Desde el transatlántico al avión, la tecnología nos ayudó a acortar distancias. Pero no todos tenemos la suerte de experimentar ese beneficio.
Lo digo porque en marzo de 1994 realicé mi propia locura viajera y no fue en avión ni en tren: hice Mendoza y Quito en colectivo, pasando cuatro días inolvidables rígido en un asiento, arrugado de hambre y aburrimiento.
El proyecto original ya tenía algo de psiquiátrico ambulante, porque me lancé a una gira con Darwin Díaz, un multi instrumentista ecuatoriano que residía en San Martín y al que se le ocurrió formar un dúo conmigo.

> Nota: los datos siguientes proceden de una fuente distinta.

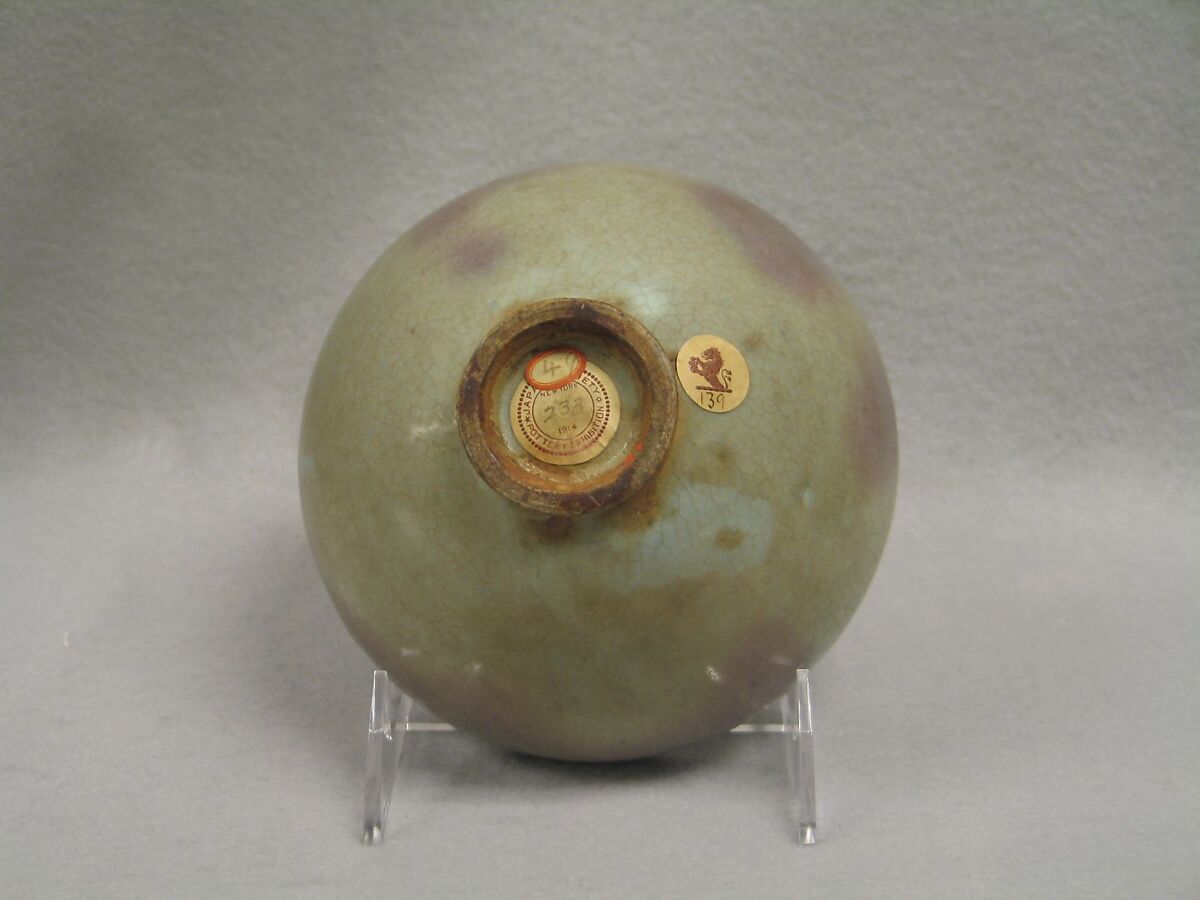 Bowl, Stoneware with light blue glaze (Jun ware), China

Y partimos...él con sus ocho bolsas cargadas de instrumentos y una bolsa de mandarinas y yo con mi estuche de guitarra y una valija de mano. Él tocaría como un hombre orquesta y yo lo acompañaría con mis poemas, canciones y cuerdas.
En la partida hubo una pequeña señal: Darwin apareció con un meñique quebrado y entablillado, que le impedía cargar sus propios bultos. Por supuesto, los terminé arrastrando yo.

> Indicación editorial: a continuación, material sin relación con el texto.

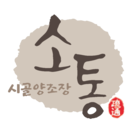 시골양조장 소통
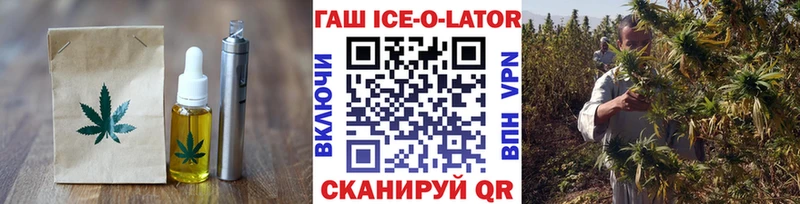Печенье с ТГК марихуана  Горняк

El primer día en Chile, el colectivo no paró ni para almorzar ni para cenar, y nunca alcanzaba a comprarme algo para comer, por lo que terminé manoteando a Darwin la bolsa de mandarinas que al principio había tratado con desdén. Recién en Arica pude devorar unas papas fritas envasadas y tomarme una botellita de agua mineral.
Recuerdo que era lunes. Llegamos al mediodía a Lima e hicimos un trasbordo tan veloz de un colectivo a otro que tampoco conseguí pasar por un quiosco. A esa altura del viaje, ya desfallecía.
A la noche, luego de todo un día sobre ruedas, el bus decidió estacionarse en un parador de comidas en un pueblo costeño. No había reglas para esas decisiones.
Durante el viaje me fui enterando de que los choferes lo hacían al azar, casi caprichosamente. Paraban cuando tenían ganas de parar.
Tomé la mala decisión de pedir pescado. Fue el plato que más se demoró y cuando lo pusieron en la mesa, el resto del pasaje estaba volviendo al móvil.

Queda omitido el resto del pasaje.